> [REQUIRED ACTION]: An image-free, exact copy of the records below is required.

Image-text web data:

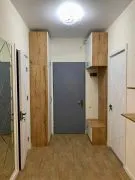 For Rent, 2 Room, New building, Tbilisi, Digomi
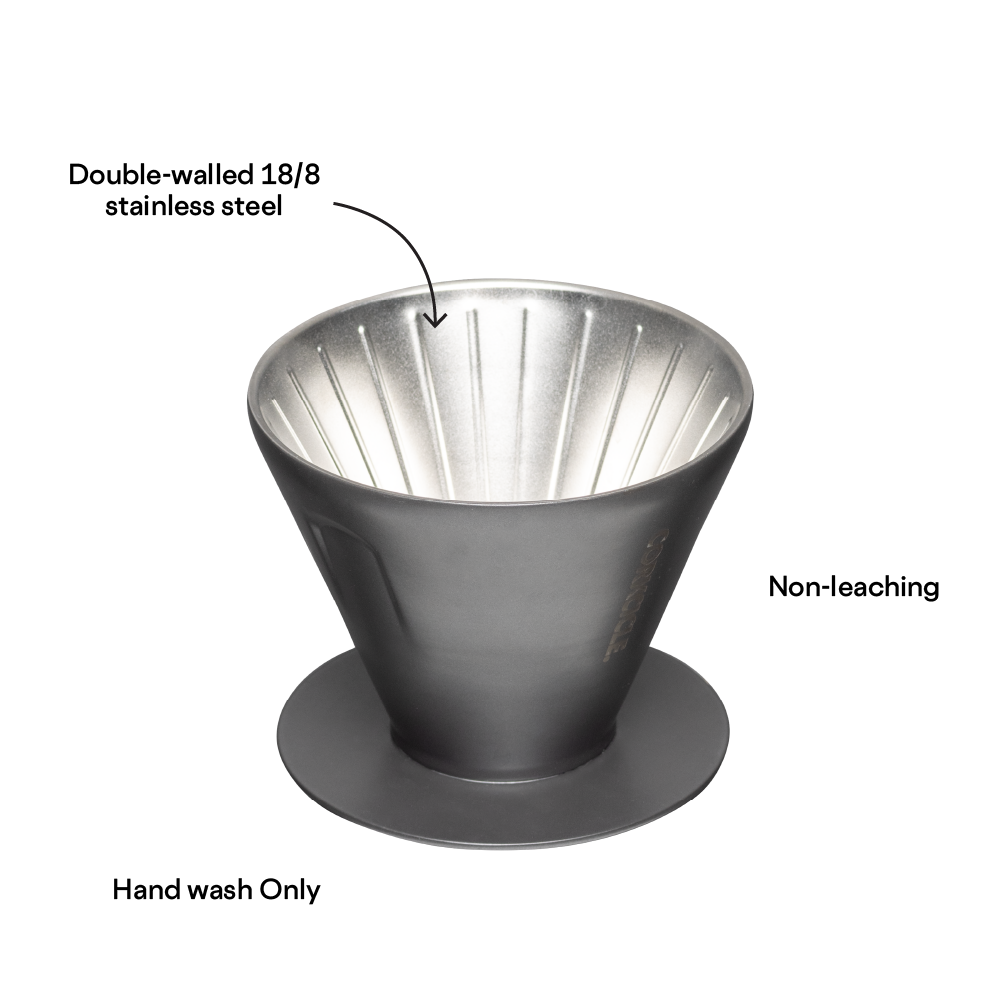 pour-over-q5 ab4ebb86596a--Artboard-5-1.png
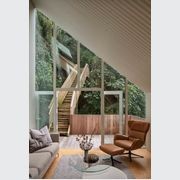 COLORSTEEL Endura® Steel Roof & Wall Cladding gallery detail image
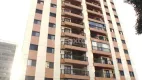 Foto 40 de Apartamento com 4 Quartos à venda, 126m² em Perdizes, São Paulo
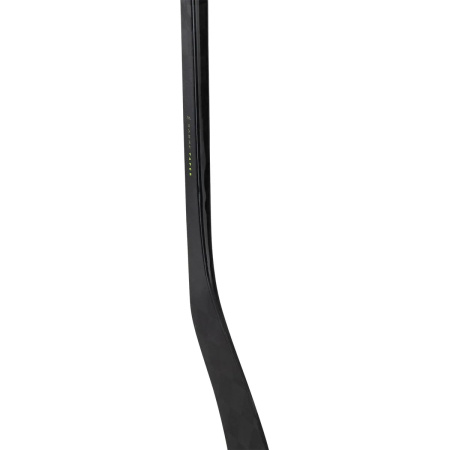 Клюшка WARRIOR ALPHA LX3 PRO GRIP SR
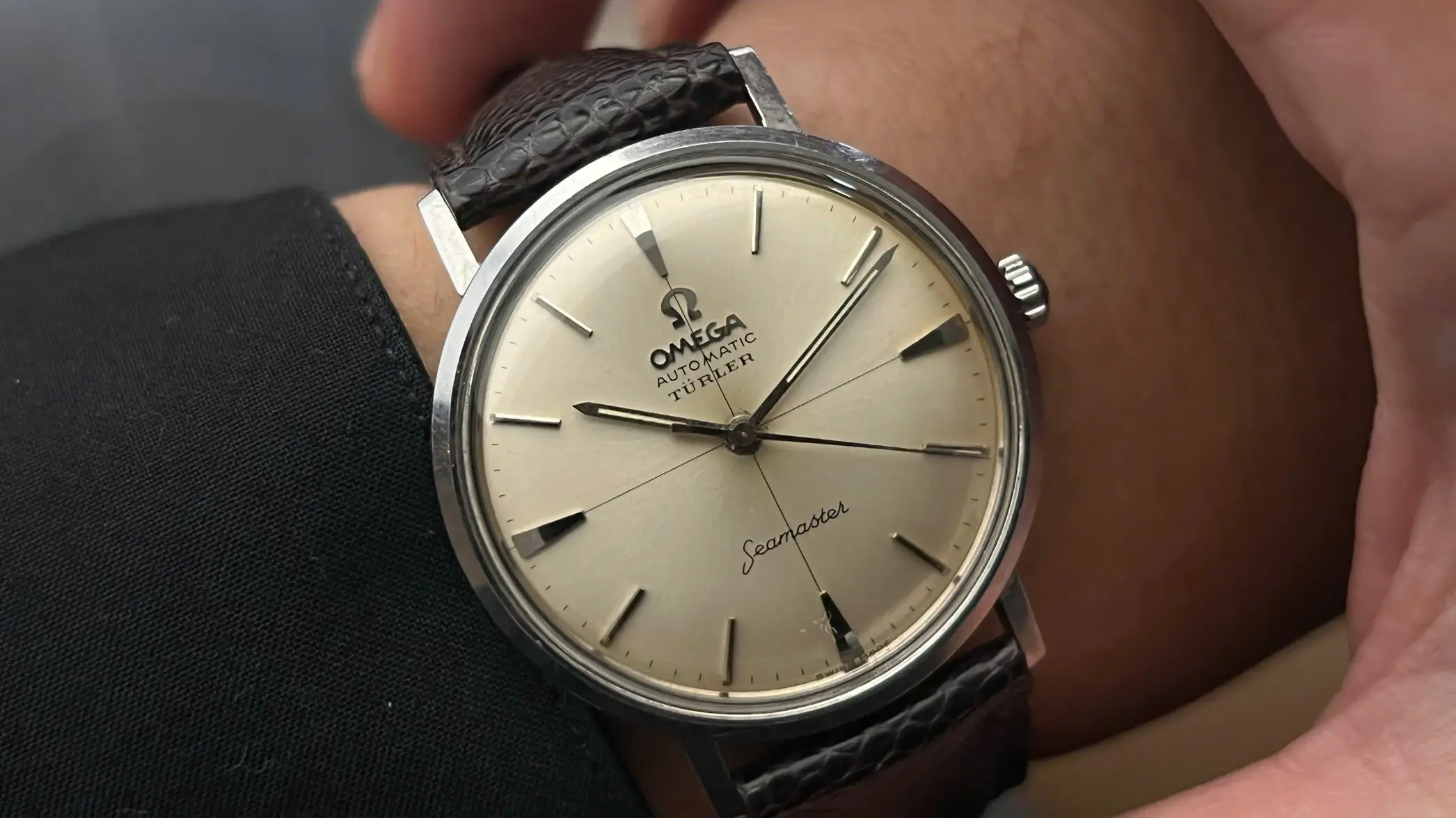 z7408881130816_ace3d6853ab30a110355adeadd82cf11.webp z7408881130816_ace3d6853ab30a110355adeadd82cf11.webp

> [COMPLETED EXERCISE]:
 For Rent, 2 Room, New building, Tbilisi, Digomi
 pour-over-q5 ab4ebb86596a--Artboard-5-1.png
 COLORSTEEL Endura® Steel Roof & Wall Cladding gallery detail image
 Foto 40 de Apartamento com 4 Quartos à venda, 126m² em Perdizes, São Paulo
 Клюшка WARRIOR ALPHA LX3 PRO GRIP SR
 z7408881130816_ace3d6853ab30a110355adeadd82cf11.webp z7408881130816_ace3d6853ab30a110355adeadd82cf11.webp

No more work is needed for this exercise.